About Churches

Christmas Eve service at my home church in Richmond, VA

I spend a lot of time thinking about churches. As a pastor, I guess this isn’t all that surprising. But still, I really like thinking about church strategy, church trends, church health, church planting, church theology, and church discipleship. I like visiting church buildings, too. Almost everywhere I go in the world, I try to spend time in local places of worship. I have had the privilege of worshiping in house churches, praying quietly in grand cathedrals, absorbing the pulsating bass of modern worship in a concert venue, and joining hands with brothers and sisters in church plants meeting in school cafeterias.

I love the church. Sure, I have strong theological and doctrinal convictions. Sure, I have stylistic preferences in worship. But within the bounds of what I’d consider the major, non-negotiable tenets of biblical, historic Christian faith, there is a lot of diversity to be had and enjoyed.

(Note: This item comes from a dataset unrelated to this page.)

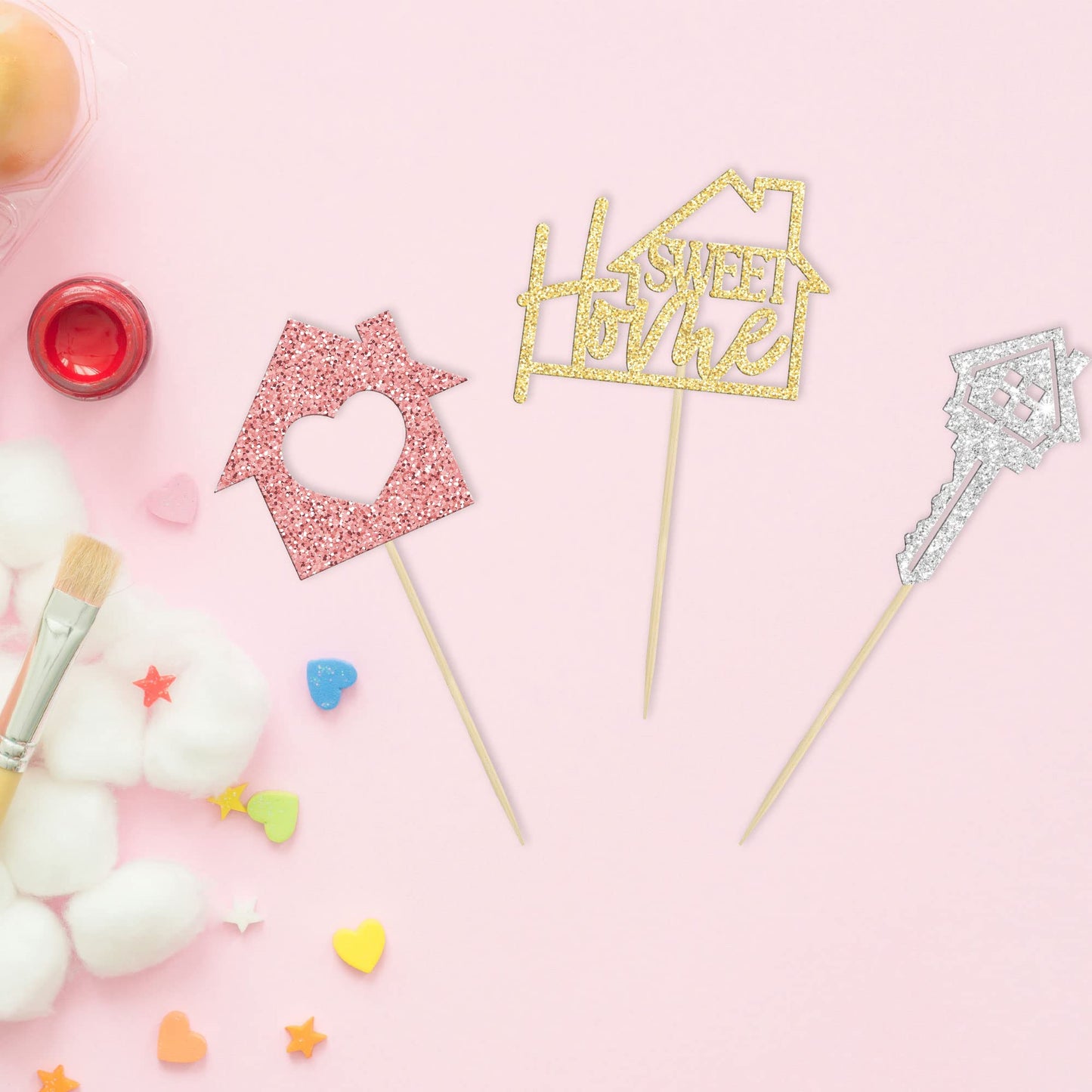 Gyufise 24 Pack Sweet Home Cupcake Toppers Glitter Key Housewarming Cupcake Picks For Welcome New Home Theme Party Cake Decorati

At times, though, the church gets me riled up in anger or cast down in sadness. The church – a faith family chosen by God to be a force of his grace and redemption in this world – sometimes falls far short of her purpose. She has sometimes lost her way under the leadership of men who use religion as a means of attaining power and control, hurting and abusing others in Jesus’ name. Her assets of money, buildings, and monuments could often have been better invested in serving the poor and marginalized. She has shown herself gullible to business ideas and success schemes in an effort to attract and entertain. She has sometimes preached a “gospel” of moralistic and even political ideals instead of the true, liberating gospel of Jesus and the kingdom. In our modern age and in the generations before us, she has shown herself faulty. Clearly, there will always be a need for the prophetic call to deep repentance and a humble orthodoxy.

But I still love the church. This is my adopted family. This family is quirky but irreplaceable, sinful, but being sanctified. Jesus died for the church, the “bride” for whom he is preparing a great wedding feast.

Sometimes when I’m in church – whether sitting on the rug in a house church or on a centuries-old pew in a cathedral – my heart fills with wonder and awe. I get to be part of this. This is a global movement and little old me is among those who by the insane privilege of Jesus’ blood am a full, participating member. And when I sing, I’m joining my voice with a chorus of sinners-now-saints who will one day be all in the same place, singing and worshiping before the throne of God. I can’t wait.